WHAT YOU SHOULD DO:
Repeat the lines from the line with "Stephanie Rust Wakefield" to the line with "60 Tyson (@tphillis2) 's Twitter Profile" in the listing below, keeping both end lines and adding nothing.
[Opening INPUT section]
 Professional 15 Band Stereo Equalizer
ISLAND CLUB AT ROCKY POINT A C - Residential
[Closing INPUT section]
[Opening INPUT section]
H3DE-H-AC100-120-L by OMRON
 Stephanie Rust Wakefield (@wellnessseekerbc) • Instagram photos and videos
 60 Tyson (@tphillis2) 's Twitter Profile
[Closing INPUT section]
OUTPUT FOR THIS EXERCISE:
 Stephanie Rust Wakefield (@wellnessseekerbc) • Instagram photos and videos
 60 Tyson (@tphillis2) 's Twitter Profile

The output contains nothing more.